You can actually see this happening. Let’s create a pod with a stupidly low limit that’s guaranteed to throttle.

apiVersion: v1
kind: Pod
metadata:
  name: throttling-demo
spec:
  containers:
  - name: stress
    image: polinux/stress
    resources:
      requests:
        cpu: "100m"
      limits:
        cpu: "100m"
    command: ["stress"]
    args: ["--cpu", "2", "--timeout", "60s"]

This stress command tries to use 2 full CPUs, but we’ve limited it to 100m. It’s going to get throttled into oblivion. To confirm, exec into the pod and check the throttling metrics from the kernel:

# After a few seconds, check the pod's CPU usage
kubectl top pod throttling-demo

# Now, exec in and check the cpu.stat file for the cgroup
kubectl exec -it throttling-demo -- sh
# Inside the container:
cat /sys/fs/cgroup/cpu/cpu.stat

You’ll see lines like nr_throttled (number of times it was throttled) and throttled_time (total nanoseconds it was throttled). The numbers will be horrifyingly large. This is why you might see high latency in your web app even though your CPU usage looks low. It’s begging for CPU time and being told to wait.

Memory Limits and the OOMKill: The Sudden Stop

Now for the more dramatic sibling. Memory doesn’t throttle. You set a limit of 256Mi, and the moment your process steps over that line, the Linux memory cgroup controller triggers the Out Of Memory (OOM) killer. Its job is to sacrifice a process to save the whole node. Your container is that process.

The kill is instant, brutal, and often leaves a confusing trail. The pod doesn’t enter Error state; it enters CrashLoopBackOff because it keeps getting killed and restarted. This is why you might see a pod that was running fine for days suddenly start crashing—maybe its memory usage slowly grew until it hit the limit.
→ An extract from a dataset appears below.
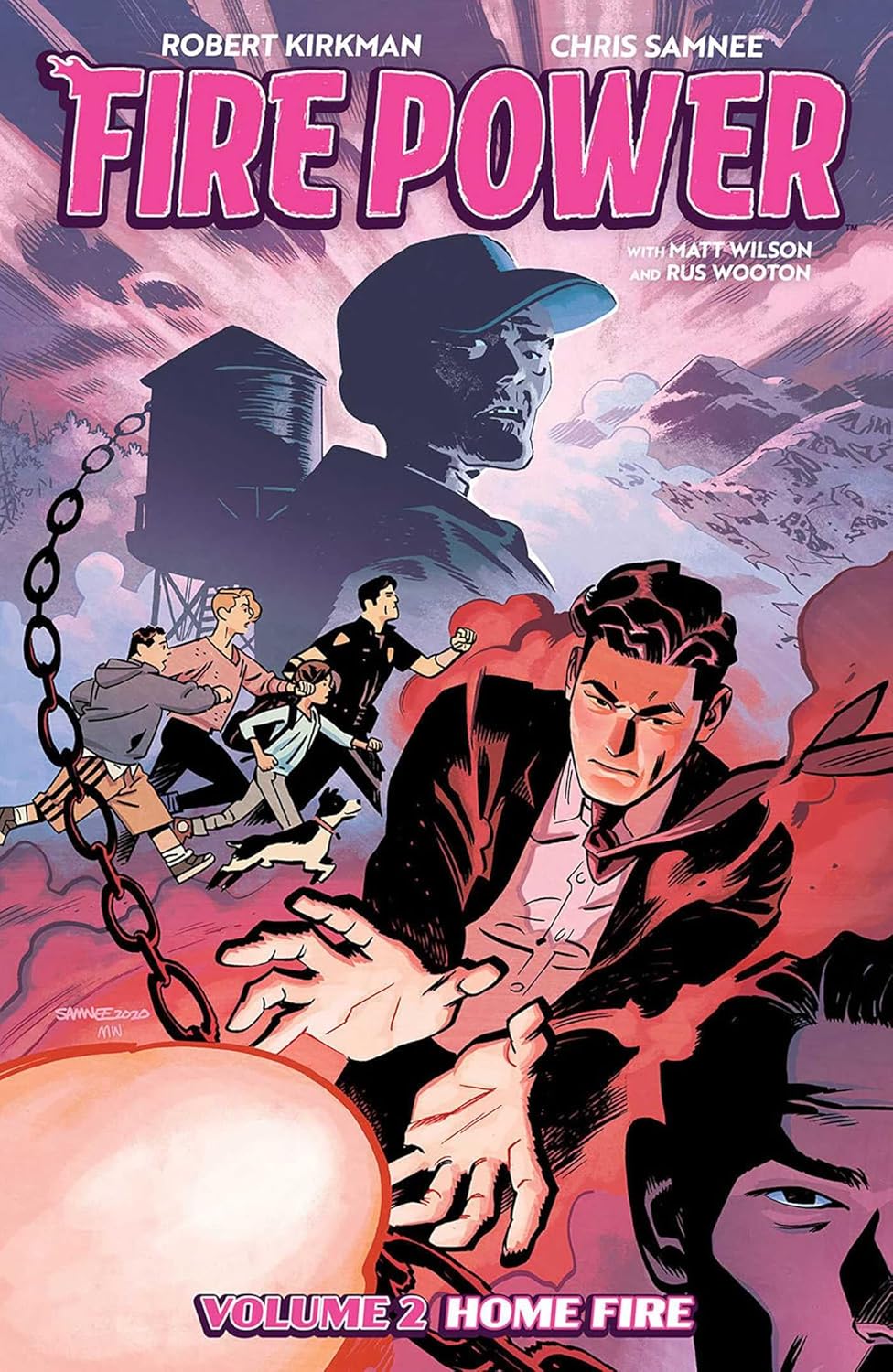 Fire Power by Kirkman & Samnee Volume 2: Home Fire (Image Comics)
Fire Power by Kirkman & Samnee Volume 2: Home Fire (Image Comics)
Here’s a pod destined for a quick death:

apiVersion: v1
kind: Pod
metadata:
  name: oom-demo
spec:
  containers:
  - name: memory-hog
    image: polinux/stress
    resources:
      requests:
        memory: "50Mi"
      limits:
        memory: "100Mi"
    command: ["stress"]
    args: ["--vm", "1", "--vm-bytes", "150M", "--vm-hang", "1"]

This tells stress to try and allocate 150Mi of memory. We’ve given it a limit of 100Mi. It’s doomed.
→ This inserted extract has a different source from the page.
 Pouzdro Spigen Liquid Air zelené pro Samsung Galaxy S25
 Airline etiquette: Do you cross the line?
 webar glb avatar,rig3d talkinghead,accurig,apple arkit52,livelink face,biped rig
The best way to investigate an OOMKill is to check the pod’s status and describe it:

kubectl describe pod oom-demo

Look for the Last State section. You’ll see something beautifully direct:

Last State:     Terminated
Reason:       OOMKilled
Exit Code:    137

Exit code 137 (128 + 9, where 9 is the SIGKILL signal) is the tell-tale sign. The kernel didn’t ask nicely; it just ended things.

Why This Asymmetry Exists and What to Do About It

The designers didn’t choose this to be difficult. It’s a fundamental property of the resources. You can time-slice a CPU core. You can’t time-slice a chunk of RAM.
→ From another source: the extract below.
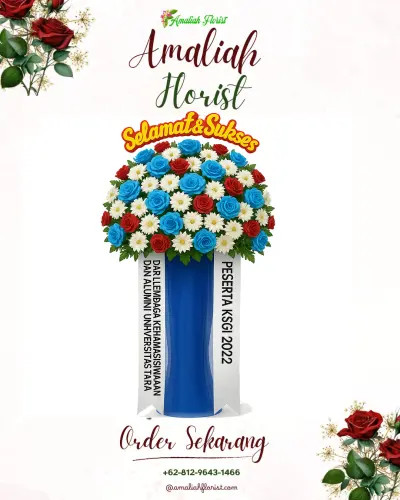 Standing Flower di Manggemaci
This leads to my biggest piece of advice: Set CPU limits carefully, and set memory limits absolutely.

For Memory: Your memory limit is a hard boundary. You must set it to prevent a buggy pod from consuming all memory on a node and causing a cascading failure. Use it as a safety net. Size it based on the maximum amount of memory your application can use without failing, plus a small buffer. Monitor your actual usage and adjust.
For CPU: The value of CPU limits is hotly debated. Throttling can be devastating for latency-sensitive applications. Many experts recommend omitting CPU limits entirely in production to avoid throttling, relying instead on generous requests to help the scheduler. The risk is that a “noisy neighbor” pod could consume unused CPU on a node. You need to decide which evil you prefer: potential throttling or potential node saturation. My default stance is to start without limits, monitor carefully, and only add them if you see a specific problem you need to solve.

Always set requests for both. They’re your promise to the scheduler. Limits are your contract with the kernel, and the kernel enforces its contracts with extreme prejudice. Choose your terms wisely.